Okay – this is going a very GW mailing list, but Jamie lobbed me this video of Bob Naismith talking about designing the first Space Marine. Coo!
Peter Milligan being interviewed over at the TCJ, about his whole career in a lengthy and excellent interview. Great stuff. He’s obviously a huge influence on me. Well… not obviously, as few people mention it, but he is.
It’s been a slow start to the year because I took a week off to visit the inlaws for a late Christmas, which was fun. I’ve handed in my first script of the year Yesterday – Immortal X-men 12, the Colossus PoV. It’s led to me starting to read Dostoevsky for the first time in ages, which is a definite win. The second I finish this, I’ll be back to pulling together a better synopsis for everything I’m writing through Fall of X, and will be chatting about it with Jordan later. I also have a bunch of fun meetings on the card, which I clearly can’t talk about, but I can definitely be the sort of shithead who writes teasy sentences like that.
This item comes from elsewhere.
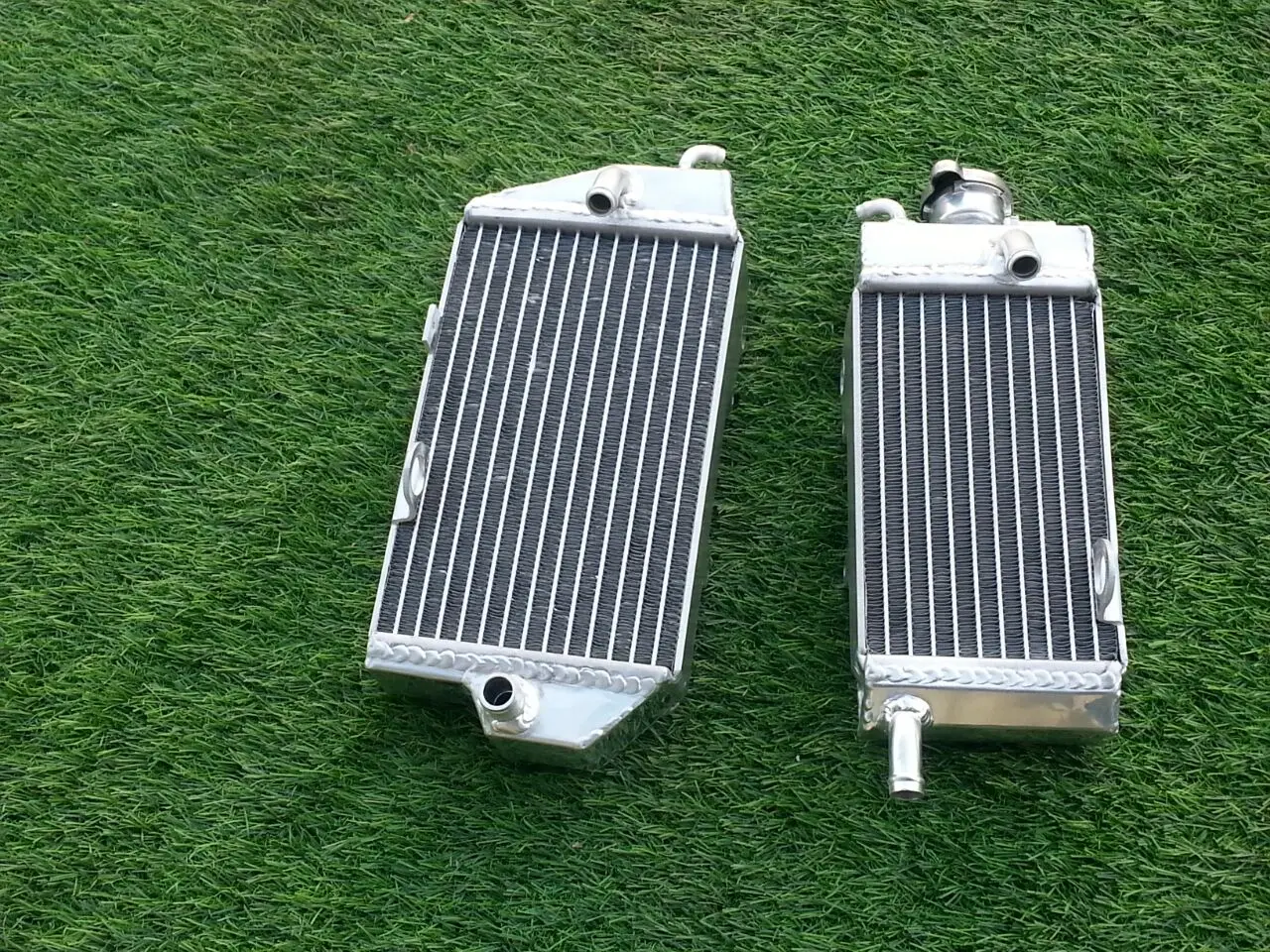 Алюминиевый радиатор охлаждения охлаждающей жидкости для Yamaha DT200WR WR200R DT WR 200 R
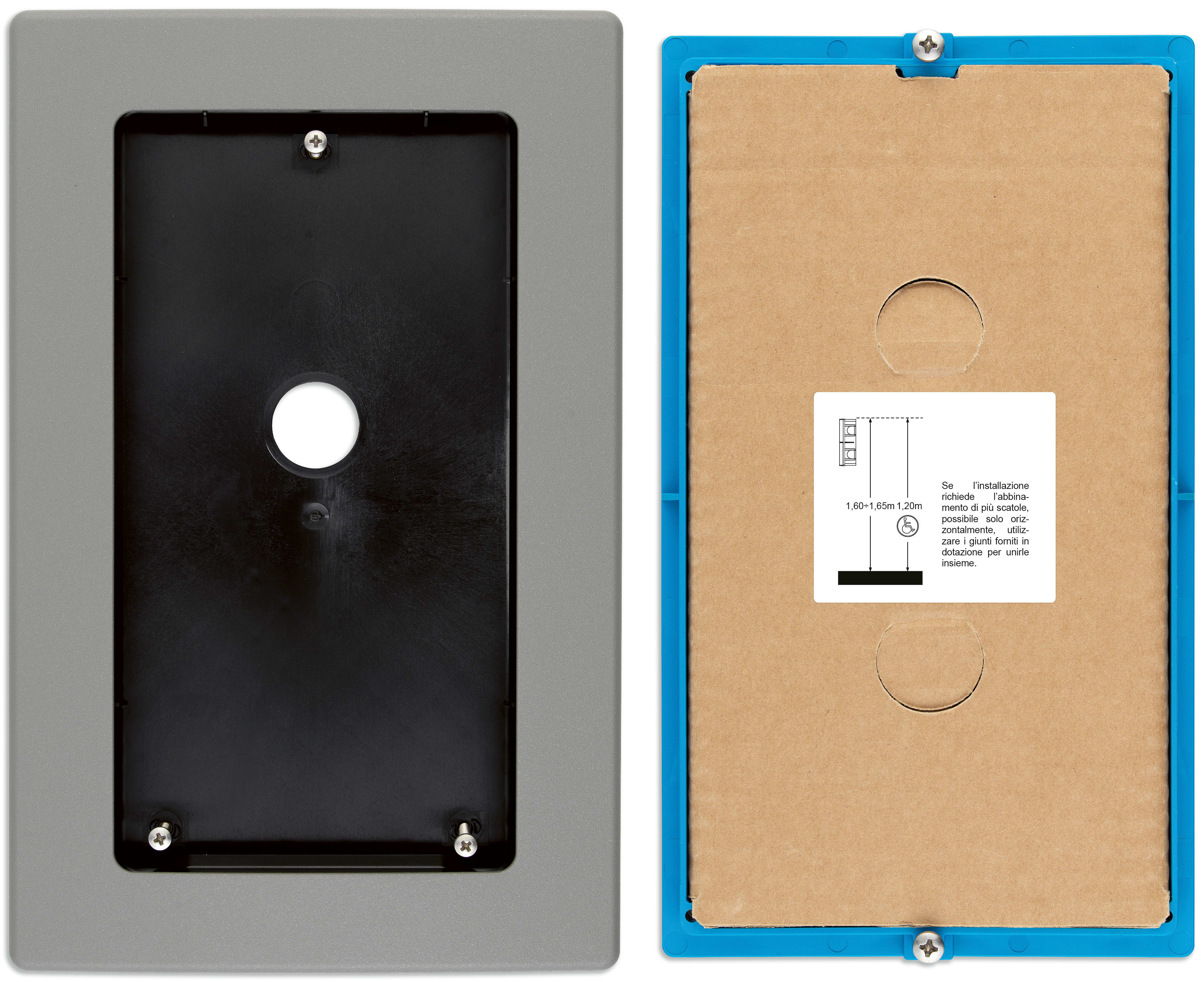 VIMAR SPA VIW40179 KIT ACCESSORI INCASSO TARGA 40170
I also got a new PC! Consructed by Bethany Black – who custom-builds PCs alongside her comedy (She’s too busy for the next few months to take on more work, but she’s touring in April and May. Go see her, she’s great.) The PC is a beautiful beast. I’m still amazed my old one lasted a clear decade. I’m still in the process of moving in properly – with the amount of files I’ve accumulated, it’s something of a battle, especially as my old-PC’s USB ports are unreliable. I’ve turned to Dropbox, which is working great. Bless it.
Oh, I’m being so very boring. I’m going to stop now before I start talking about how I like to arrange my folders. Plus I need to see if I can locate my FTP details so I can upload everything for this newsletter.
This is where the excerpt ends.